------ TASK INPUTS ------

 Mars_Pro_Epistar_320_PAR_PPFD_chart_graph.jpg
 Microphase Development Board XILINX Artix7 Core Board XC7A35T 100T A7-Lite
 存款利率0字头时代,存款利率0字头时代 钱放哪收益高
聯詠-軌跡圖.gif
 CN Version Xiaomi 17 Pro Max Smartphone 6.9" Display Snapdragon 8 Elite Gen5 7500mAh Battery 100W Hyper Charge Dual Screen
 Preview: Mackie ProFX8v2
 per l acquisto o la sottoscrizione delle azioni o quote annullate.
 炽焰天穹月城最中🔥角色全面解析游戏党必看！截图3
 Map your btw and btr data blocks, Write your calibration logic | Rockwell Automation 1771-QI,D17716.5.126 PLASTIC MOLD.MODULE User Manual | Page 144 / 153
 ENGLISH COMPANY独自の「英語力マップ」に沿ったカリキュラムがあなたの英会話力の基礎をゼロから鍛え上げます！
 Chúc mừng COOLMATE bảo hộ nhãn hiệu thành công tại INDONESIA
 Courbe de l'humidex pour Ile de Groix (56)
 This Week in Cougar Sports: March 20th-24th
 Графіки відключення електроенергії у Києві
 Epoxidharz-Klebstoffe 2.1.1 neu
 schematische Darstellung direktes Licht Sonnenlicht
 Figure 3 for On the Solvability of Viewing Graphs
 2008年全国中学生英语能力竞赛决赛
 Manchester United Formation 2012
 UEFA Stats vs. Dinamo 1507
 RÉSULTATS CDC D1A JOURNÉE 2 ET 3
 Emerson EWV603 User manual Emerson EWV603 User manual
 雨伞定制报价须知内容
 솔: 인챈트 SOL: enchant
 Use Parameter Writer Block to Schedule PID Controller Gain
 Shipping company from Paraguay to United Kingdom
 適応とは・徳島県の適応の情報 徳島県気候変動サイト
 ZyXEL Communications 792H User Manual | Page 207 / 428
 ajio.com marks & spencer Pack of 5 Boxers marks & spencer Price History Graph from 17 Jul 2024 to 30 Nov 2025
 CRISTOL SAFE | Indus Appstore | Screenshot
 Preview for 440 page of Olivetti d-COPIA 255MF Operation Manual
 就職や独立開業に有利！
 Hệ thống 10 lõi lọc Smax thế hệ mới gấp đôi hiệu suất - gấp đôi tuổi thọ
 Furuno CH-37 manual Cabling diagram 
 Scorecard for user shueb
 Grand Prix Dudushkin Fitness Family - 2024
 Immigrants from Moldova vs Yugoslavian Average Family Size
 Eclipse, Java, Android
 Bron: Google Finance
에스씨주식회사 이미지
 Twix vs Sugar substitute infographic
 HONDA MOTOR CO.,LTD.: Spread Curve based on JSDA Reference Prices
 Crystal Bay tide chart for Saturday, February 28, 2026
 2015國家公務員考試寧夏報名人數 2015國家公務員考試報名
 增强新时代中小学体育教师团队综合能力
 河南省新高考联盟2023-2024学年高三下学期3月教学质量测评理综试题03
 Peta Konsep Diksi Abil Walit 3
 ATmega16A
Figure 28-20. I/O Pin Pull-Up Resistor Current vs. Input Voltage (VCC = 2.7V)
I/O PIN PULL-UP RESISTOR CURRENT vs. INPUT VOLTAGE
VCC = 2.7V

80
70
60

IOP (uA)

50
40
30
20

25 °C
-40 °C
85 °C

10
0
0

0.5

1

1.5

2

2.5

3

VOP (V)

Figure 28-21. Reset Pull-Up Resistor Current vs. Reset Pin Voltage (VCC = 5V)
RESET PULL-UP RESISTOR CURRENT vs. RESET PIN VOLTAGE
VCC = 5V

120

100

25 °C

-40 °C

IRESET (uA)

------

• _TRY IT_
All lines of the entries above where "Figure" turns up should be reported.

• _ANSWER TO THE EXERCISE_
 Figure 3 for On the Solvability of Viewing Graphs
Figure 28-20. I/O Pin Pull-Up Resistor Current vs. Input Voltage (VCC = 2.7V)
Figure 28-21. Reset Pull-Up Resistor Current vs. Reset Pin Voltage (VCC = 5V)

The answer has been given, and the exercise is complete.